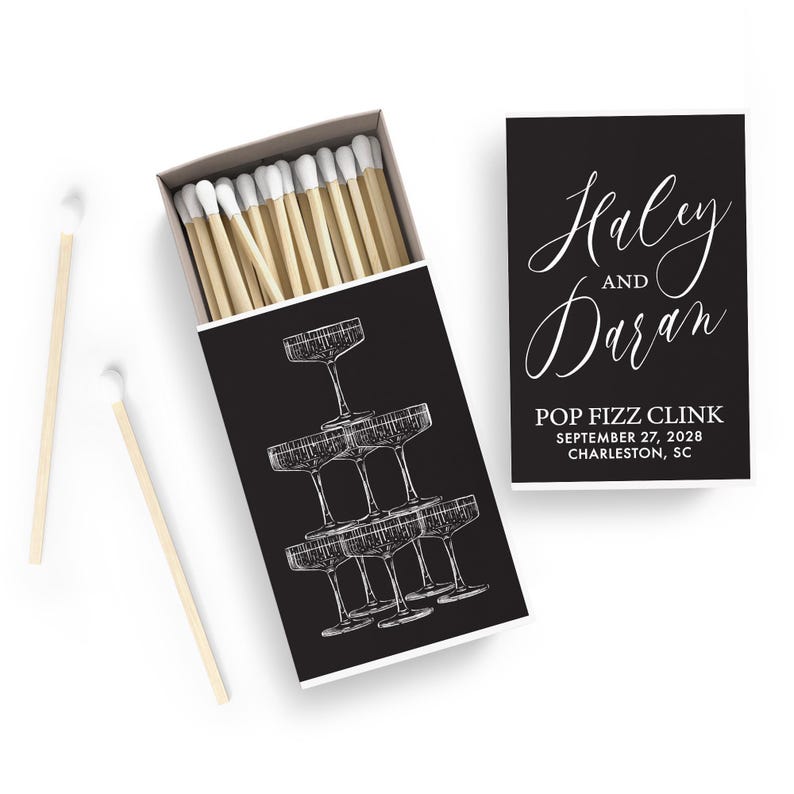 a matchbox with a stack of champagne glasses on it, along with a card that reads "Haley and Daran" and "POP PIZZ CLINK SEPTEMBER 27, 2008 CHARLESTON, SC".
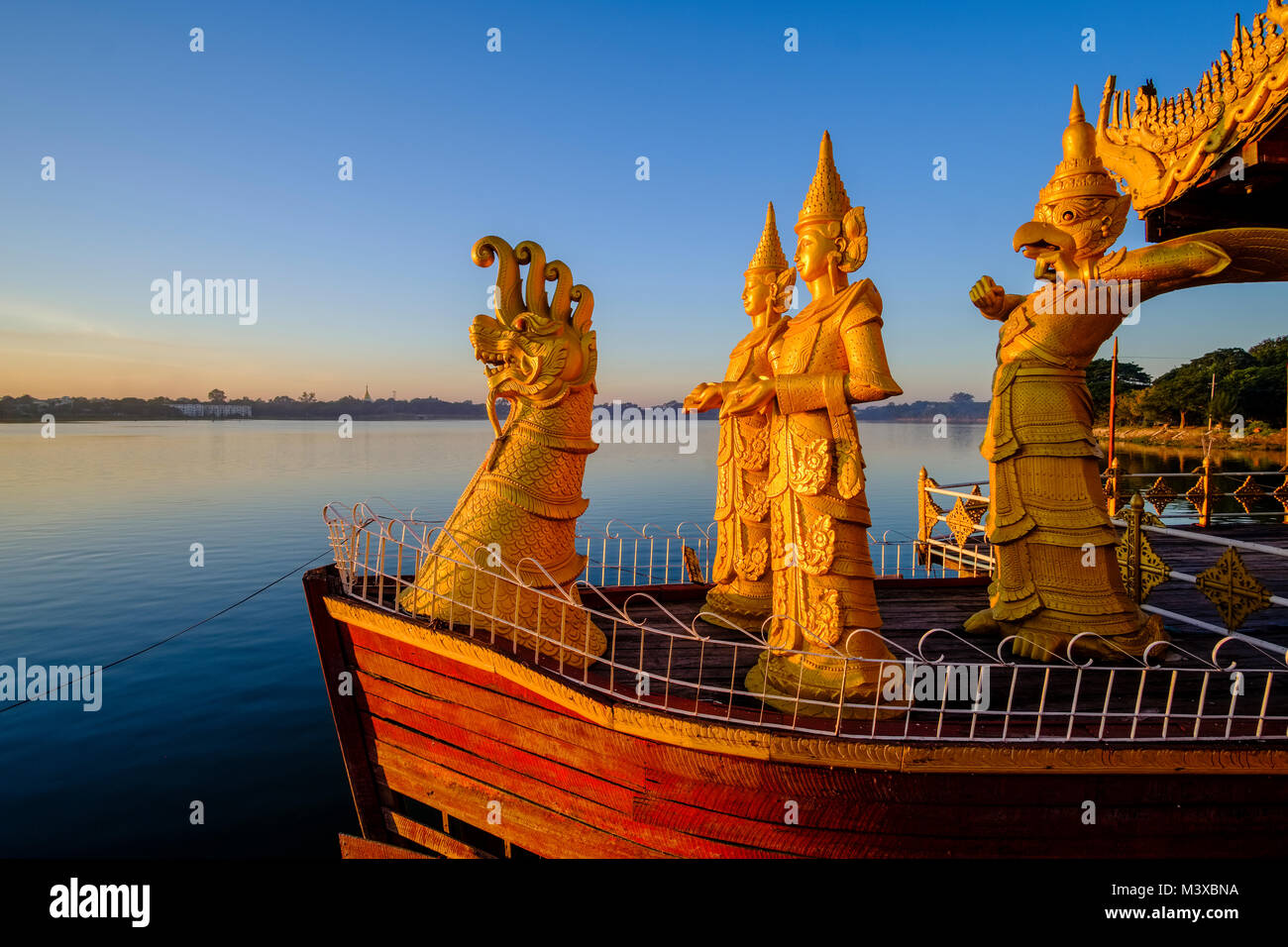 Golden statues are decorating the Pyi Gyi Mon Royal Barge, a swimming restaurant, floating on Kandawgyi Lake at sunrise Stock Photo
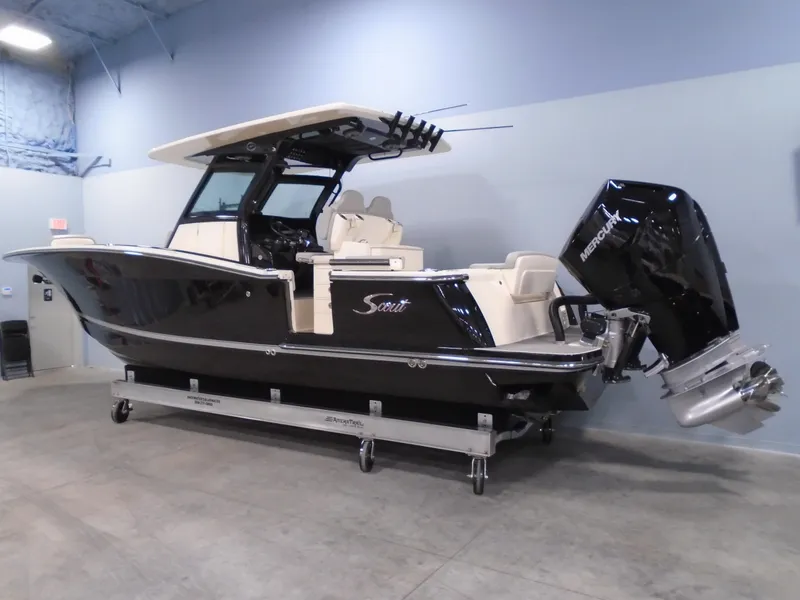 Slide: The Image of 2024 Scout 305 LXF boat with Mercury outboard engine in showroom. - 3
※ ※ ※
## YOUR TASK
Could you repeat all of the material exactly? Pictures should not be copied.

## EXERCISE ANSWER
 a matchbox with a stack of champagne glasses on it, along with a card that reads "Haley and Daran" and "POP PIZZ CLINK SEPTEMBER 27, 2008 CHARLESTON, SC".
 Golden statues are decorating the Pyi Gyi Mon Royal Barge, a swimming restaurant, floating on Kandawgyi Lake at sunrise Stock Photo
 Slide: The Image of 2024 Scout 305 LXF boat with Mercury outboard engine in showroom. - 3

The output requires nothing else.